→ Problem to solve
Pull every line containing "Navy" from the listing.
-------- The input
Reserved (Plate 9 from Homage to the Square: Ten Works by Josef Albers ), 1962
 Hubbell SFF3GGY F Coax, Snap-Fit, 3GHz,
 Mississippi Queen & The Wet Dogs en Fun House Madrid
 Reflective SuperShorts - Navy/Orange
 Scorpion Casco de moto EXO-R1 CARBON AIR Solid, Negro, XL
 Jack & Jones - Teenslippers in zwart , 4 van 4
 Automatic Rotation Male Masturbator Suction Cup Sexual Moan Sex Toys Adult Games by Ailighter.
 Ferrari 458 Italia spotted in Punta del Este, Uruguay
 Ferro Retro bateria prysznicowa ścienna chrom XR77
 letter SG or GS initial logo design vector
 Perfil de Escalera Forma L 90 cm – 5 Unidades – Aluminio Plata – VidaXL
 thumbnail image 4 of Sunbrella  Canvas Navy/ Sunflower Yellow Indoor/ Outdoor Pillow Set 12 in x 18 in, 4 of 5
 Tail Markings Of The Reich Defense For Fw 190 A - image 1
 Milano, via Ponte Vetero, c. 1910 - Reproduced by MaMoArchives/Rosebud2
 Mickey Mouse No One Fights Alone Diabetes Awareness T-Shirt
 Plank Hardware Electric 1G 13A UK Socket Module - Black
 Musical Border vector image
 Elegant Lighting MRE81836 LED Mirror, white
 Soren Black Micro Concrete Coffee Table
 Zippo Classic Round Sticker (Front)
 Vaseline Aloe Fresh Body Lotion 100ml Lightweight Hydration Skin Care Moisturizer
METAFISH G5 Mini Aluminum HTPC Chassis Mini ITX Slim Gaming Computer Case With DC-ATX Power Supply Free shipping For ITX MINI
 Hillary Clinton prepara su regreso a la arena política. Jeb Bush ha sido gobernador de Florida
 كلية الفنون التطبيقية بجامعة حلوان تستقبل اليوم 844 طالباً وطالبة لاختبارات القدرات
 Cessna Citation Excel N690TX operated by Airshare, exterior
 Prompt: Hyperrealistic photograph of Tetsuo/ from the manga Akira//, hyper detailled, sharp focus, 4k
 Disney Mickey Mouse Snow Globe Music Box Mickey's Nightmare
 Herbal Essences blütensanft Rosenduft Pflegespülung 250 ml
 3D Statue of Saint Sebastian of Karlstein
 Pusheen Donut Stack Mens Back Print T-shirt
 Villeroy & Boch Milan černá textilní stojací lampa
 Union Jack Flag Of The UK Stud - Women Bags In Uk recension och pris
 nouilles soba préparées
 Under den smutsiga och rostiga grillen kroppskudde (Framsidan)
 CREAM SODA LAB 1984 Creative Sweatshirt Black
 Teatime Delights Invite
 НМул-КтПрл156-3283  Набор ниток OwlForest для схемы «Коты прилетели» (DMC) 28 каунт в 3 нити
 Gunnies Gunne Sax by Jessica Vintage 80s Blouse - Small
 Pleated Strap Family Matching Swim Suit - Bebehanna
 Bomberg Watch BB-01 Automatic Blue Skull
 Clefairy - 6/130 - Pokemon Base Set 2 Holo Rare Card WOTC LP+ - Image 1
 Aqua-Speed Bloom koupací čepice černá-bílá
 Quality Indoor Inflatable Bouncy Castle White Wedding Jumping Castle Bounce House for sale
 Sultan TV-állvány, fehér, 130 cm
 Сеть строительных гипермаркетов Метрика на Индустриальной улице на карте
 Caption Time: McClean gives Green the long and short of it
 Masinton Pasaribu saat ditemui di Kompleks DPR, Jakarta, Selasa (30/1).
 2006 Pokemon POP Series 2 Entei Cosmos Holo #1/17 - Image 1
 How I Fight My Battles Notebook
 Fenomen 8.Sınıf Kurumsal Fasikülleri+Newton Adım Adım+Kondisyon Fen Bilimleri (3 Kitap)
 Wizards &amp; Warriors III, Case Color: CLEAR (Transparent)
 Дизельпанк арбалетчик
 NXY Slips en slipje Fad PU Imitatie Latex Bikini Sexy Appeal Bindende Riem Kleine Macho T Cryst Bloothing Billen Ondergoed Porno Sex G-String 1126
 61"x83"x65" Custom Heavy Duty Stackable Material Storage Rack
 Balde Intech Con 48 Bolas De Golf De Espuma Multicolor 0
----------------
→ Answer space
 Reflective SuperShorts - Navy/Orange
 thumbnail image 4 of Sunbrella  Canvas Navy/ Sunflower Yellow Indoor/ Outdoor Pillow Set 12 in x 18 in, 4 of 5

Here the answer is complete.